What you need to do
Retype only what runs from the first line of the listing to the line holding "Fauteuil moderne brésilien", both included. Do not retype the pictures.

Recorded data
- - - -

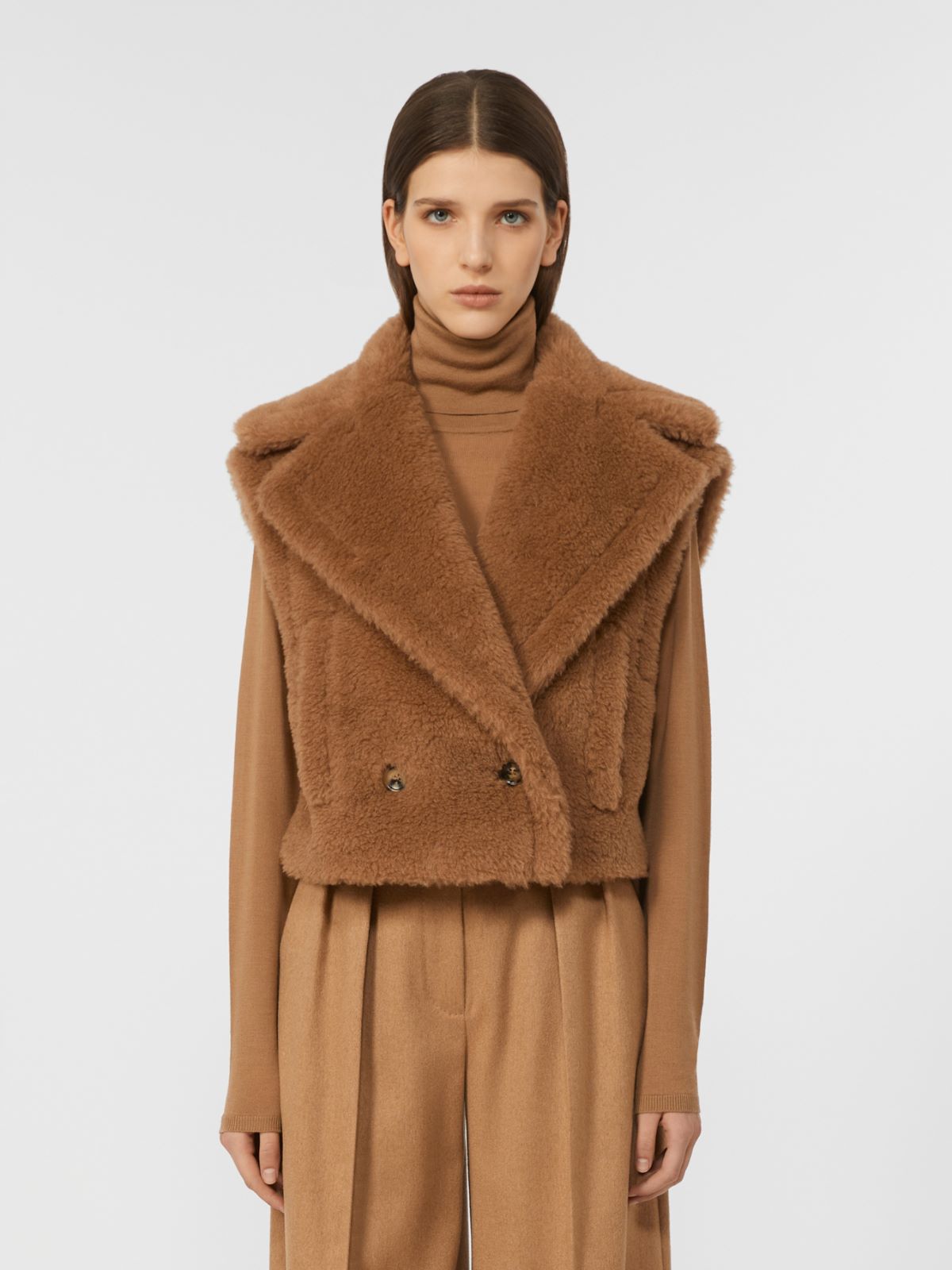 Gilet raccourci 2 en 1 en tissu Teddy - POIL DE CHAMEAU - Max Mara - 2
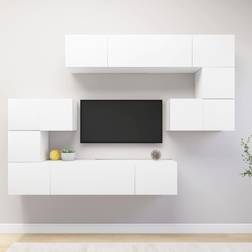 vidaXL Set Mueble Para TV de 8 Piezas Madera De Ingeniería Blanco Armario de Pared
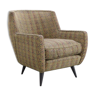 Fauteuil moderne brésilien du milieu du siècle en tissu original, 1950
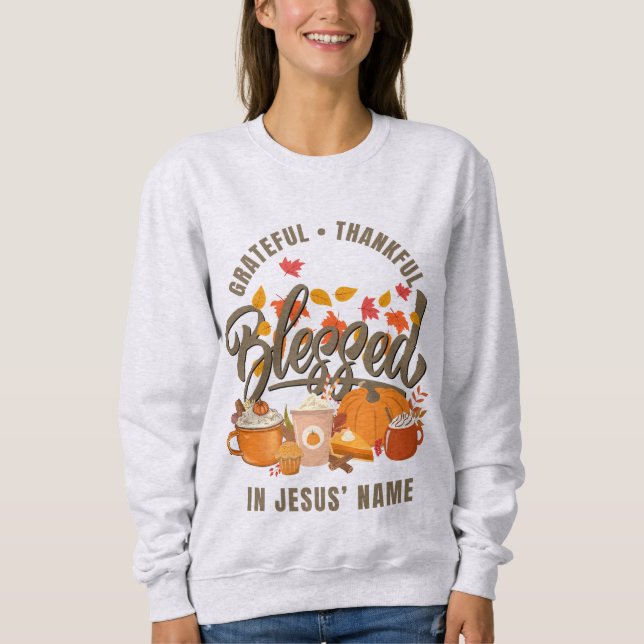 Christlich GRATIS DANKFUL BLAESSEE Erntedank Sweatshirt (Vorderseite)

- - - -

Reply to the exercise
 Gilet raccourci 2 en 1 en tissu Teddy - POIL DE CHAMEAU - Max Mara - 2
 vidaXL Set Mueble Para TV de 8 Piezas Madera De Ingeniería Blanco Armario de Pared
 Fauteuil moderne brésilien du milieu du siècle en tissu original, 1950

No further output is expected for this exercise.